Input -
···

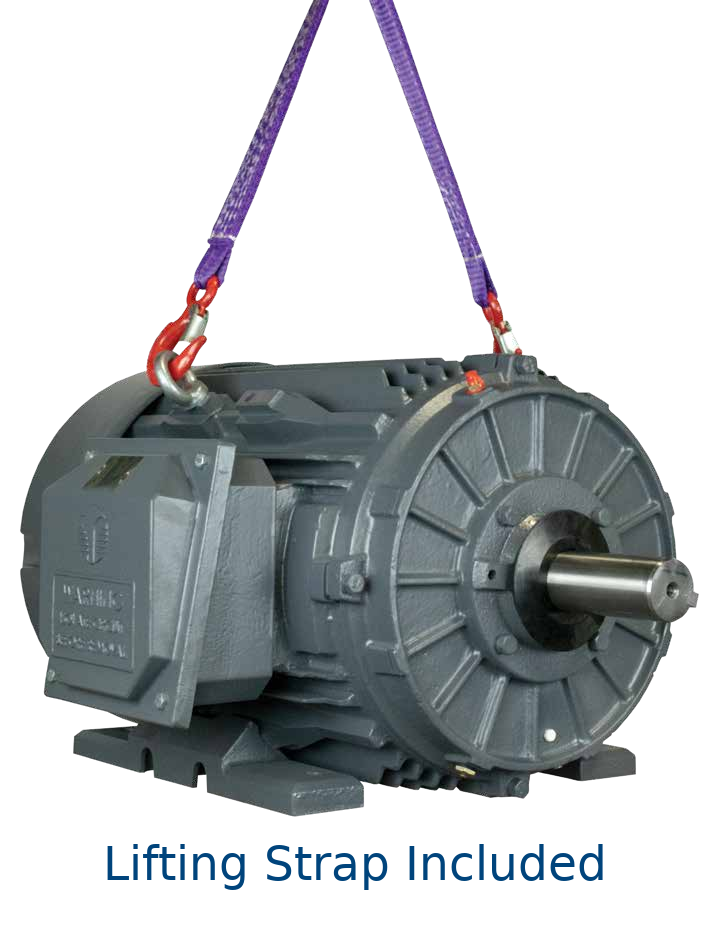 Techtop GR3-CI-TF-405TSC-2-BR-D-100 Cast Iron 3-Phase TEFC Motor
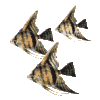 Fish 02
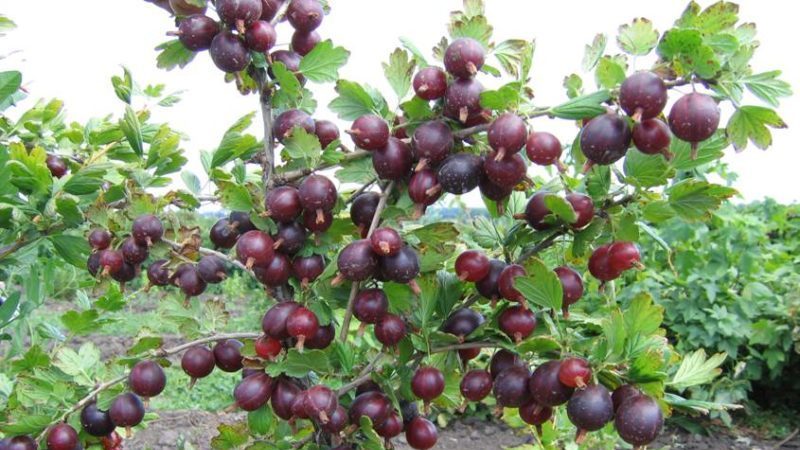 Varietà di uva spina senza borchie medio tardiva Grushenka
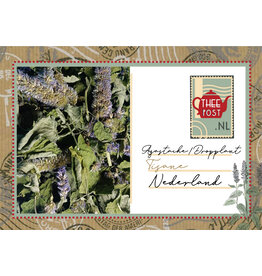 Agastache/Dropplant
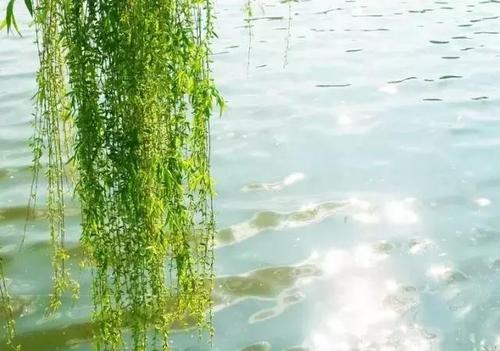 曾巩：刘勇·混沌的小条还没变黄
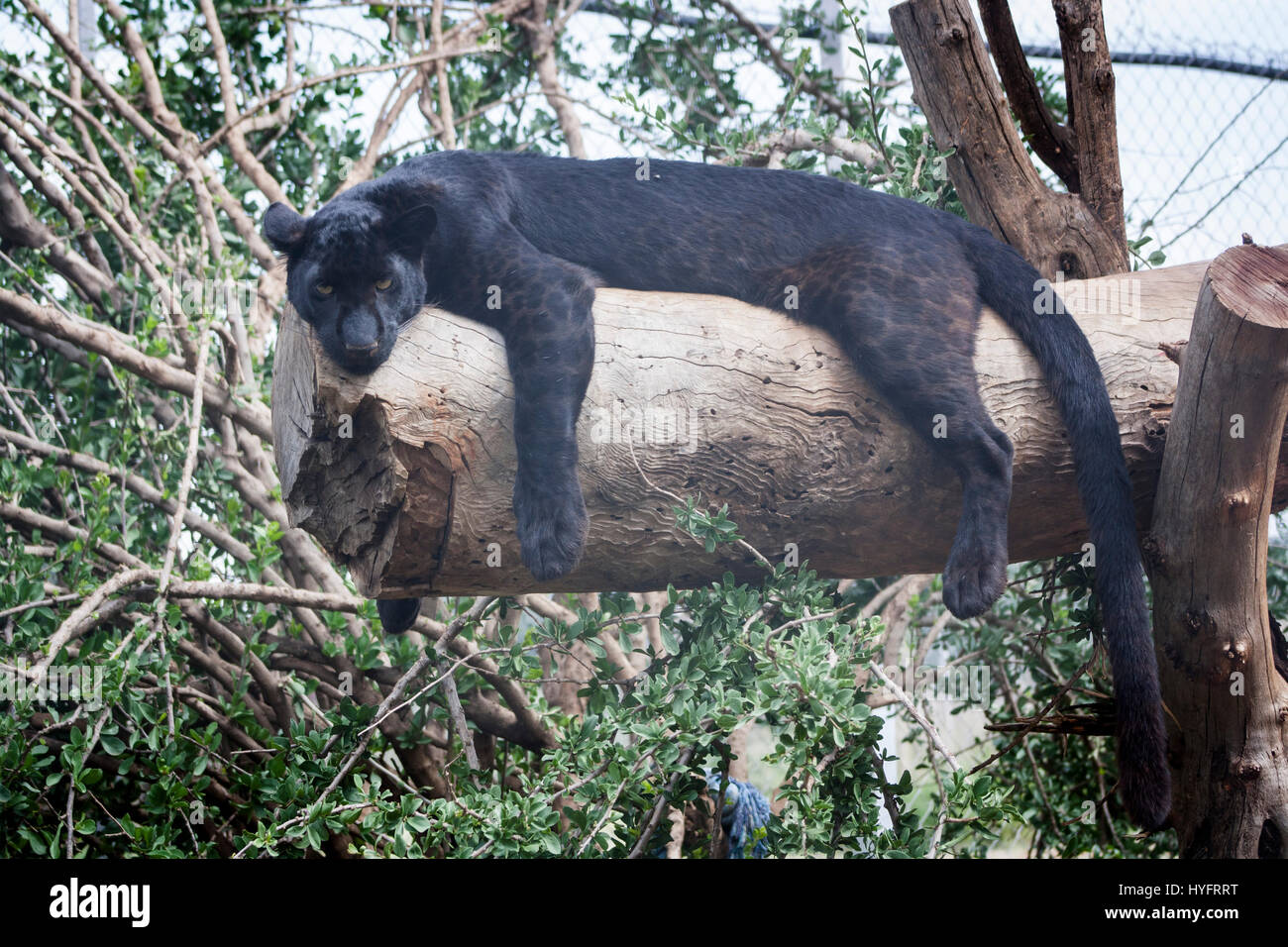 Black leopard hi-res stock photography and images - Alamy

···

Repeat exactly the lines above, from the line containing "Agastache/Dropplant" through the last line of the records, inclusive; omit any pictures.

 Agastache/Dropplant
 曾巩：刘勇·混沌的小条还没变黄
 Black leopard hi-res stock photography and images - Alamy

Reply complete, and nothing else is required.